* What the task asks *
Output each line of the data word for word, from the first through the line that holds "На какую топ-модель ты похож(а)?", and leave off whatever follows.

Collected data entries
◆ ◆ ◆ ◆ ◆ ◆ ◆
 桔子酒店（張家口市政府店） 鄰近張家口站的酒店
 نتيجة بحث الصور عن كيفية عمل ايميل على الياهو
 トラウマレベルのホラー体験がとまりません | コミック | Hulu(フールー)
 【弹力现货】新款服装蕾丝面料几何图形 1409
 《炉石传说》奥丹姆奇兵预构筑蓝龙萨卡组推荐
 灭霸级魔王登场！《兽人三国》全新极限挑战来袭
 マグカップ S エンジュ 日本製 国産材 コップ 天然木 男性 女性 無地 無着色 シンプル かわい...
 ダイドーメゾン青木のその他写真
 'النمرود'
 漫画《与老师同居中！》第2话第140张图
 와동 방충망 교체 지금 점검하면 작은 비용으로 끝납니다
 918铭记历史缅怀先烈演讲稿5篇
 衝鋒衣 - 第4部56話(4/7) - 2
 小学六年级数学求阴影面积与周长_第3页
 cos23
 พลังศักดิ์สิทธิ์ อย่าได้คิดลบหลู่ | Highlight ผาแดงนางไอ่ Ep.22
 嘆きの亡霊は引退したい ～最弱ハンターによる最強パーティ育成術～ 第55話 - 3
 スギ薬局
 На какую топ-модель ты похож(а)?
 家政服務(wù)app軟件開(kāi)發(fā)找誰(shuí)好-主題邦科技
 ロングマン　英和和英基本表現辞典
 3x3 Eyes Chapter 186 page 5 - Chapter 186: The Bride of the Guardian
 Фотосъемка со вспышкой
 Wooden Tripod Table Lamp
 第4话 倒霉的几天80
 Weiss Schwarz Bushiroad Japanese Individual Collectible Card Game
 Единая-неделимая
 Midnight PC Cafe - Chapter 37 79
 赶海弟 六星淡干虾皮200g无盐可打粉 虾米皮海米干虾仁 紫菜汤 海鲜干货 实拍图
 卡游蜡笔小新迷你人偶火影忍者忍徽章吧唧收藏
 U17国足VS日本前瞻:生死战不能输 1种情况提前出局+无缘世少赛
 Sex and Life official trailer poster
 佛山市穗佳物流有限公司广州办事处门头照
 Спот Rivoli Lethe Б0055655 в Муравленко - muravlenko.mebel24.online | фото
◆ ◆ ◆ ◆ ◆ ◆ ◆
* Response area *
 桔子酒店（張家口市政府店） 鄰近張家口站的酒店
 نتيجة بحث الصور عن كيفية عمل ايميل على الياهو
 トラウマレベルのホラー体験がとまりません | コミック | Hulu(フールー)
 【弹力现货】新款服装蕾丝面料几何图形 1409
 《炉石传说》奥丹姆奇兵预构筑蓝龙萨卡组推荐
 灭霸级魔王登场！《兽人三国》全新极限挑战来袭
 マグカップ S エンジュ 日本製 国産材 コップ 天然木 男性 女性 無地 無着色 シンプル かわい...
 ダイドーメゾン青木のその他写真
 'النمرود'
 漫画《与老师同居中！》第2话第140张图
 와동 방충망 교체 지금 점검하면 작은 비용으로 끝납니다
 918铭记历史缅怀先烈演讲稿5篇
 衝鋒衣 - 第4部56話(4/7) - 2
 小学六年级数学求阴影面积与周长_第3页
 cos23
 พลังศักดิ์สิทธิ์ อย่าได้คิดลบหลู่ | Highlight ผาแดงนางไอ่ Ep.22
 嘆きの亡霊は引退したい ～最弱ハンターによる最強パーティ育成術～ 第55話 - 3
 スギ薬局
 На какую топ-модель ты похож(а)?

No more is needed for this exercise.